Agri Business

Rationalise sugarcane pricing, industry urges Govt

Our Bureau Visakhapatnam | Updated on November 25, 2017

The Government should rationalise sugarcane pricing policy and also encourage better use of by-products by the sugar factories. At present, the sugar industry is passing through a grave crisis, according to many representatives of the industry and sugar technologists.

They were speaking at the two-day annual convention of the South Indian Sugarcane and Sugar Technologists' Association which began here on Friday. Association president R.V Vatnal said that "sugarcane price is increasing exponentially, and making the operation of many mills economically unsustainable. There is an urgent need to take a relook at the sugarcane pricing policy and make it more realistic. The policies of the Government are pushing many sugar mills into sickness. Many mills are facing acute cane scarcity and there are several other problems plaguing the industry including high power tariff and they should be addressed in right earnest by the Government, the industry and farmers."

He said sugarcane farming should be made remunerative for the farmer, but at the same time the operation of the mills should also be made sustainable. All efforts should be made to cut the cost of cane cultivation, increase yields and the sucrose content of the cane at the farm level and also to improve the efficiency of the mills for better use of the byproducts at the mill level. The Government's policies should be carefully tailored to meet both the ends.

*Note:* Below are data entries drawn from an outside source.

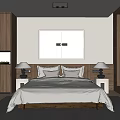 Modern Bedroom Interior With Wooden Bed Nightstands Table Lamps And Wall Art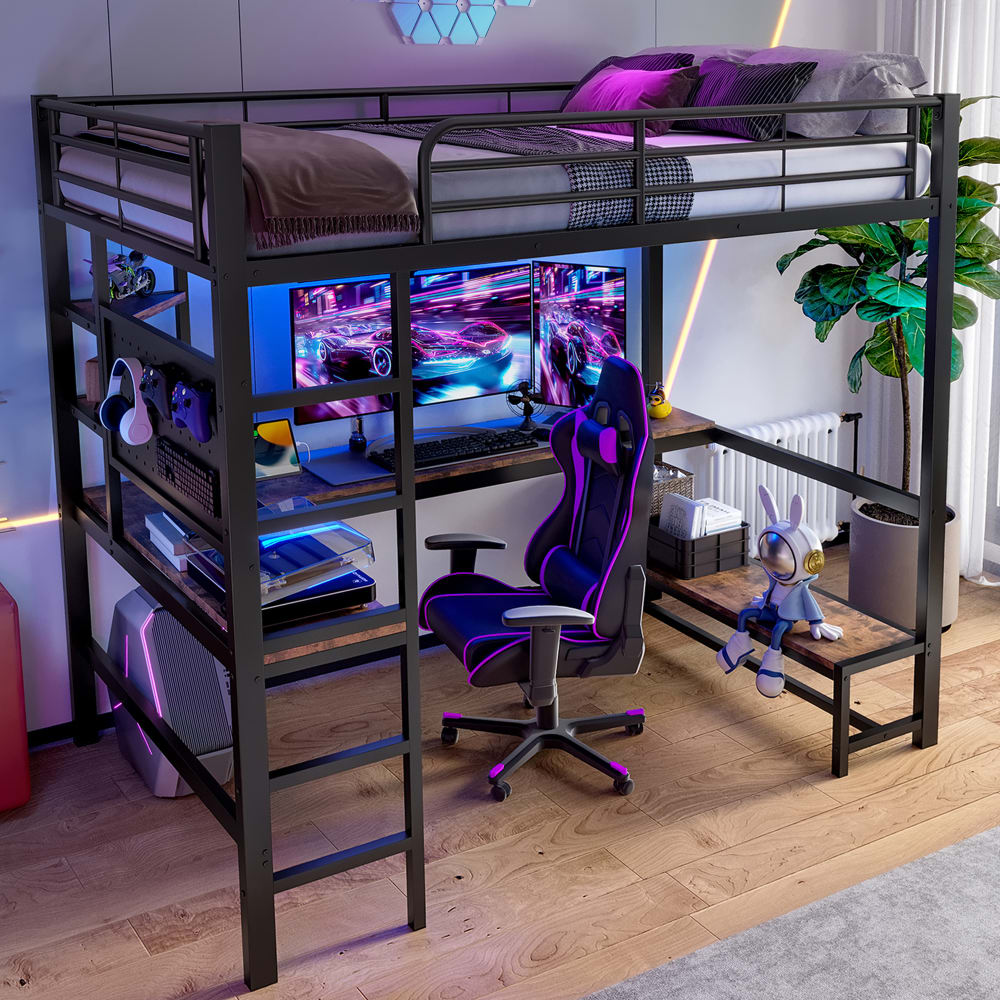 Kinderhochbett 90x200 mit Schreibtisch USB LED Metall schwarz -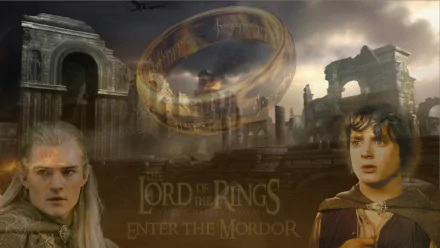 A captivating HD wallpaper featuring Elijah Wood as Frodo alongside iconic imagery from The Lord of the Rings, showcasing the mystical setting of Middle-earth.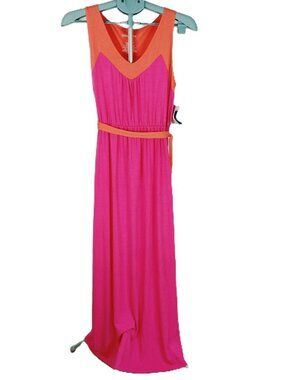 Mix & Co. Belted Maxi Dress Women's Large Pink Orange V-Neck Sleeveless Jersey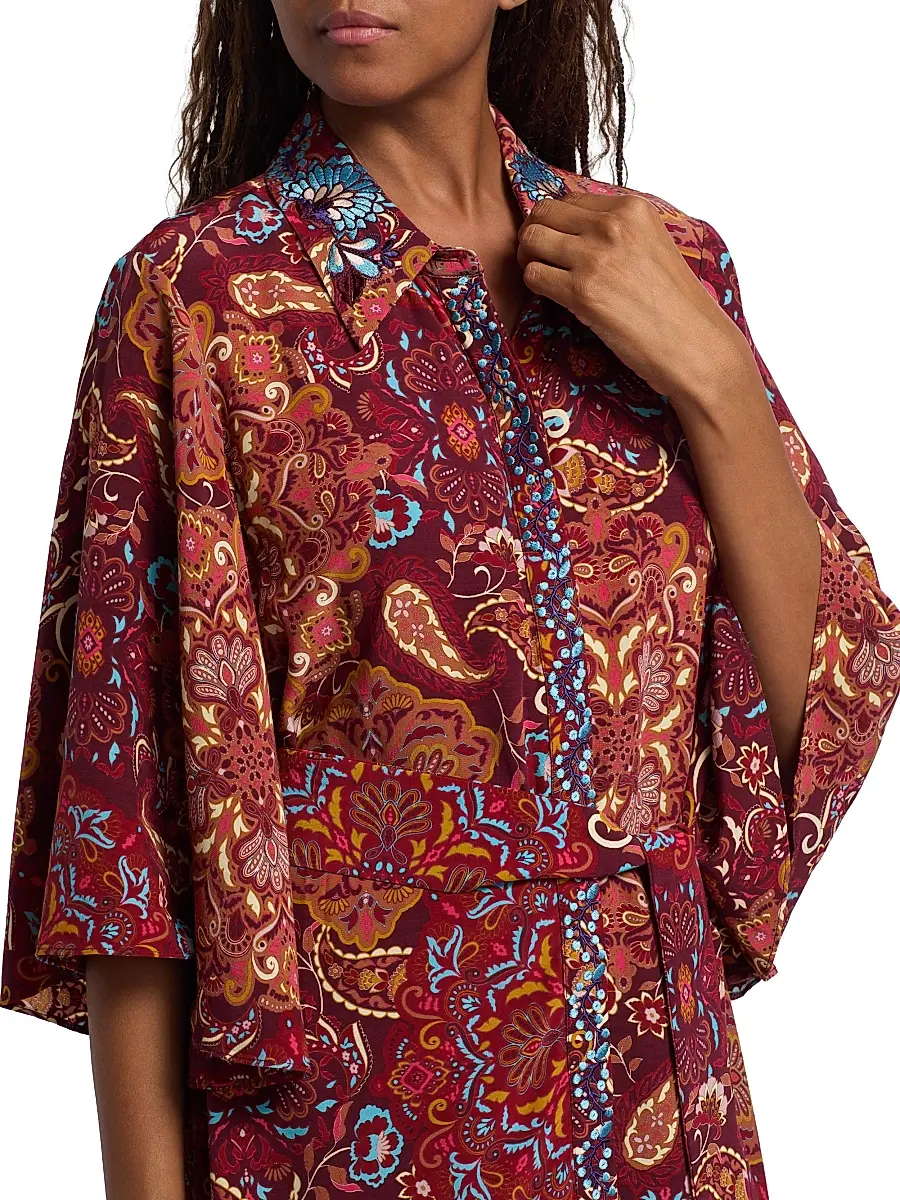 FIGUE Women's Pamela Kaleidoscope Paisley Belted Shirtdress | Thumbnail 6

Andhra Sugars Joint Managing Director M. Narendranath said mechanisation in sugarcane cultivation at the present juncture was inevitable as there was labour scarcity at the farm level. "It is possible to introduce mechanisation at the farm level, even though our holdings are small. At the Andhra Sugars, we have found that Australina experience is particularly useful in the regard. There will be some cane loss if we introduce harvesters, but the loss should be compensated by the factories. The gains far outweigh the losses," he said.

KCP Sugars Chairman Vinod R Sethi said the challenges facing the sector were many but they were by no means insurmountable, and "efforts should be made to introduce indigenised mechanical solutions at the farm level." The Government should frame a suitable policy framework to promote innovation and better use of byproducts.

Jagadeesh Gudaganti, the CMD of Siddapur Distilleries Ltd, Karnataka, said rationalisation of cane pricing policy could no longer be postponed and "as suggested by the Rangarajan committee a revenue sharing formula should be adopted as in many sugar producing countries in the world. The cane price should be pegged at 70 per cent of actual revenue realisation by sale of sugar, molasses, 25 per cent of bagasse and press mud or 75 per cent revenue realised by sale of sugar alone."

He said Maharashtra and Karnataka were following the system, as suggested by the Rangarajan committee, and others should follow suit.

Vice-chancellor of Achraya N.G Ranga Agricultural University A. Padma Raju said the mills and the Government should take care of the sugarcane farmers first, as "sugarcane cultivation is not very profitable in the present circumstances. In the Indian situation, mechanisation is easier said than done. It is not impossible, and it can be done in spite of our small holdings. But a group approach and meticulous village level planning are required for mechansing cane cultivation."